→ **What needs to be done**: Look below for the line with "Vrijstaande woning in Faro". Retype it and every line after it to the end, exactly, but leave out the pictures.

→ **The data**:

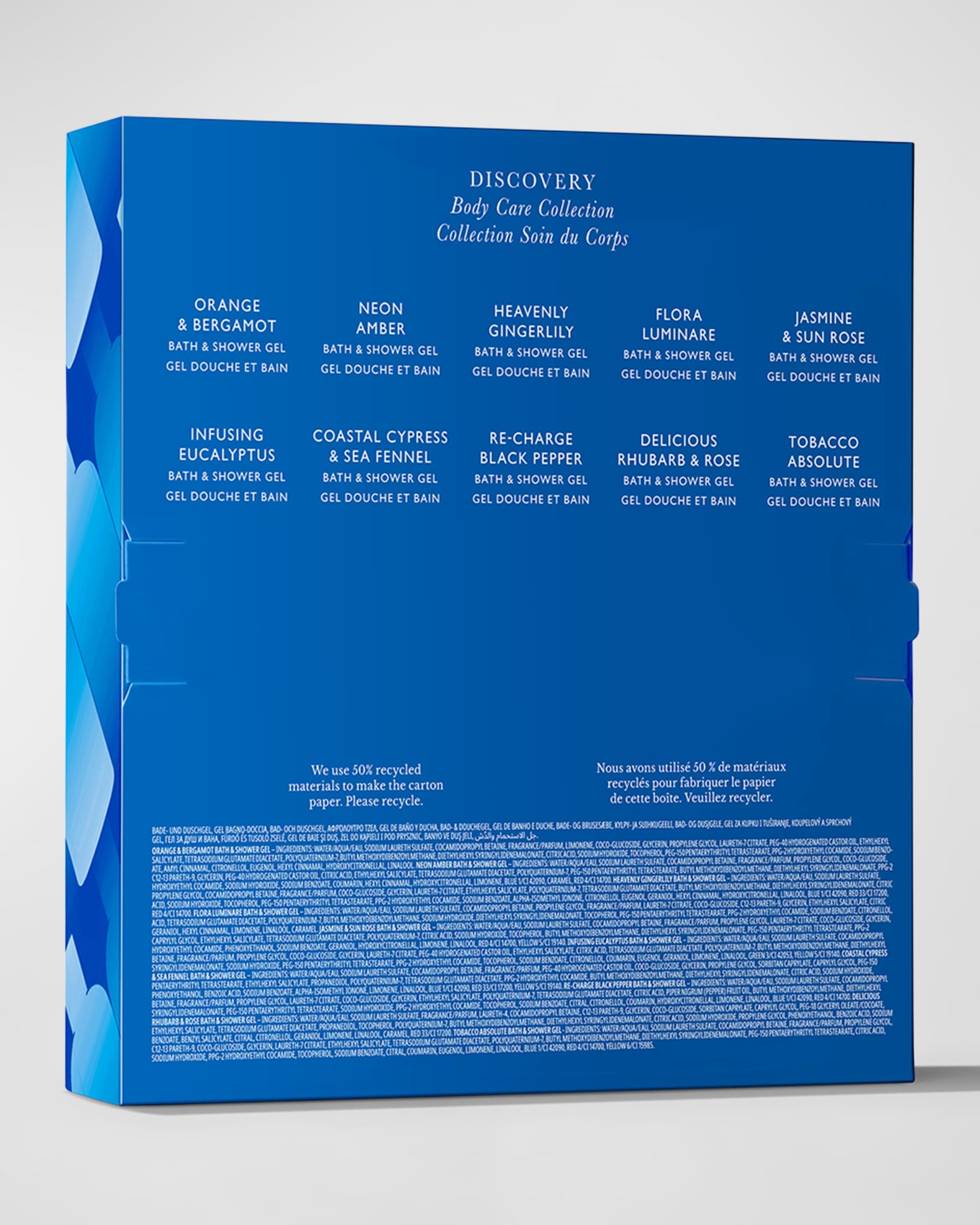 Molton Brown Discovery Bathing Collection, 10 x 1 oz. Neiman Marcus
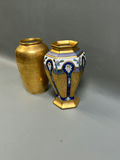 Pickard Gold Porcelain Vases 2 - thumbnail 6 of 6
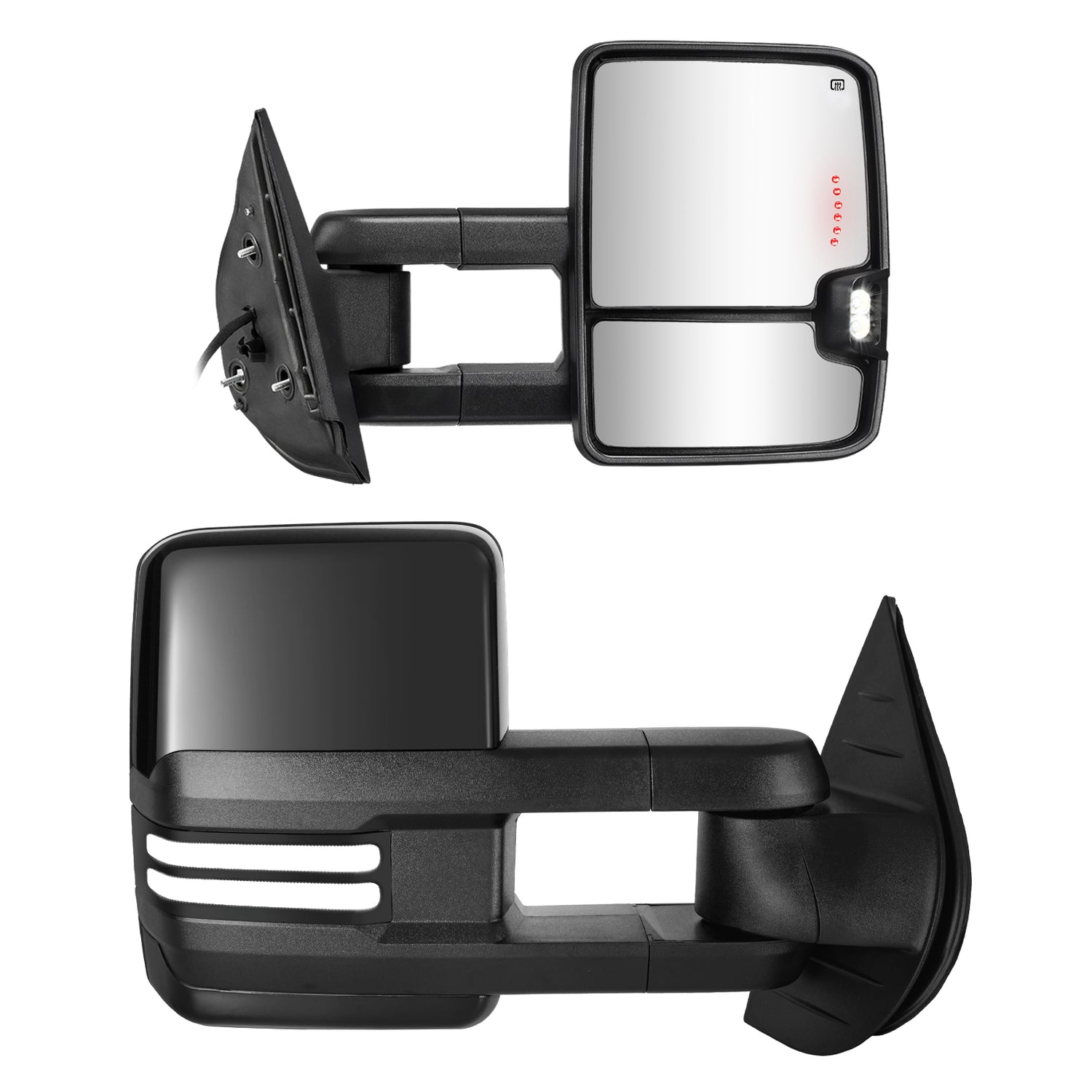 Besq-Telescopic-Towing-Mirrors-for-2007-New-body-2013-Chevy-Silverado-GMC-Sierra-PB07-SDB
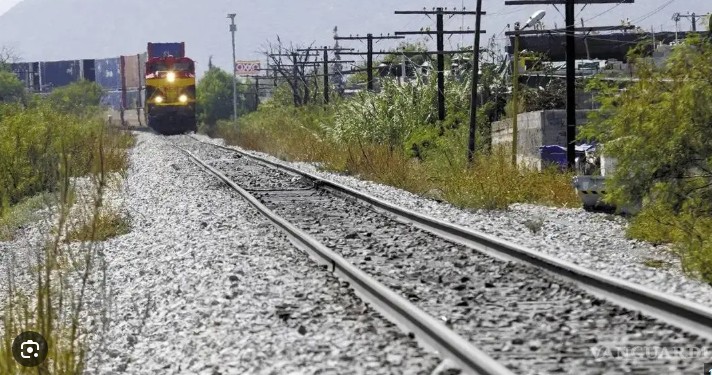 Inicia revisión de predios por tren Saltillo–N. Laredo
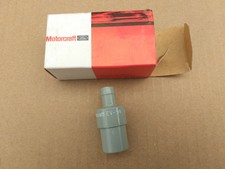 NOS OEM Ford MOTORCRAFT EV-94-C PCV Valve E6DZ-6A666-A
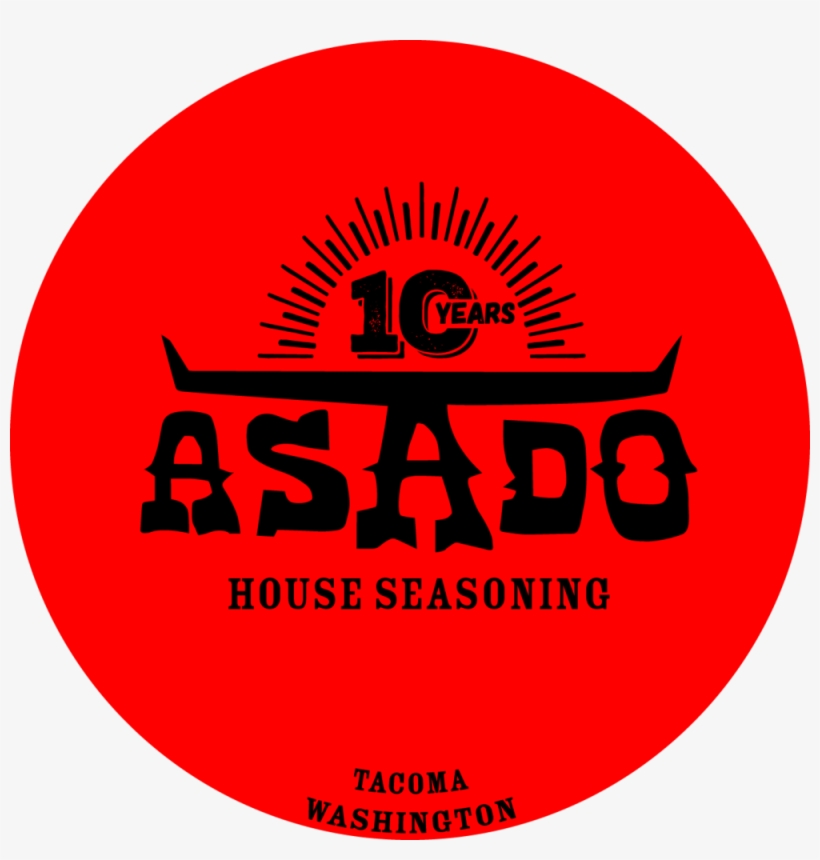 Asado House Spice 10 Year, transparent png #3900220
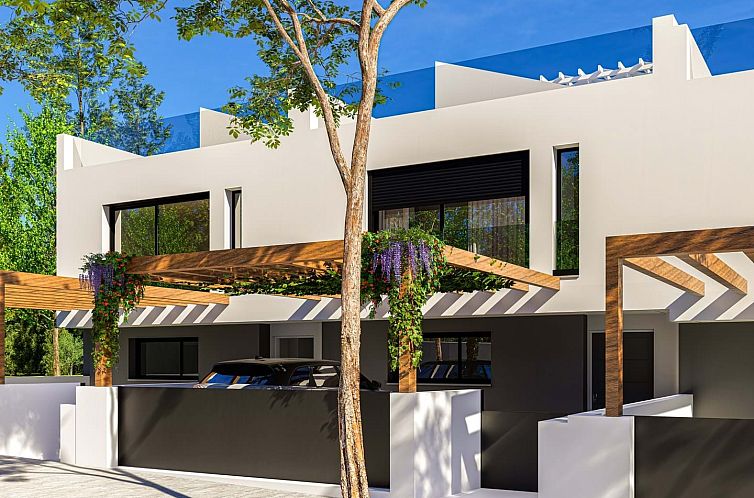 Vrijstaande woning in Faro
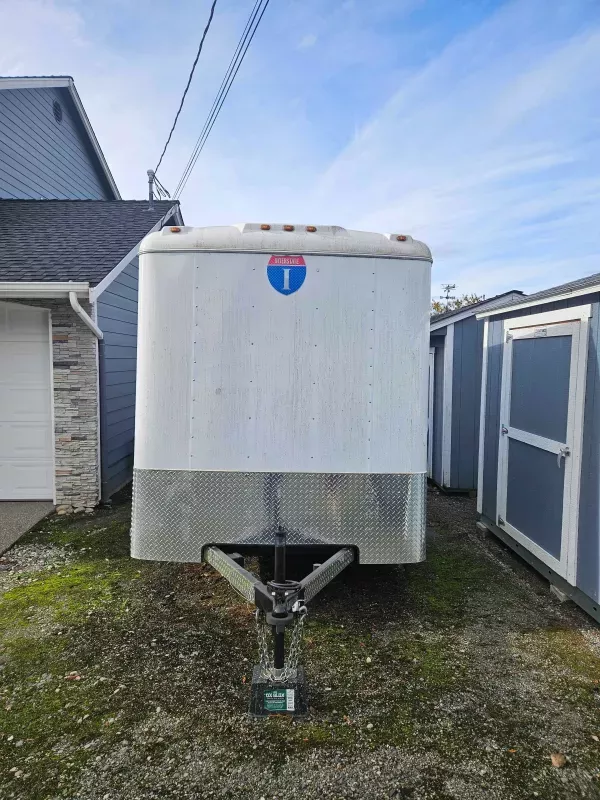 used Cargo (Enclosed) Trailers Interstate 1 Trailers  for sale, in Mukilteo, WA Thumbnail 3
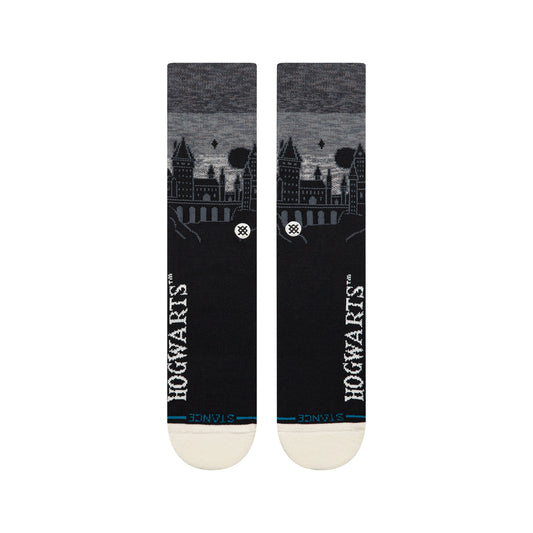 Harry Potter Crew Socks - Hogwarts Castle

→ **Written reply**:
 Vrijstaande woning in Faro
 used Cargo (Enclosed) Trailers Interstate 1 Trailers  for sale, in Mukilteo, WA Thumbnail 3
 Harry Potter Crew Socks - Hogwarts Castle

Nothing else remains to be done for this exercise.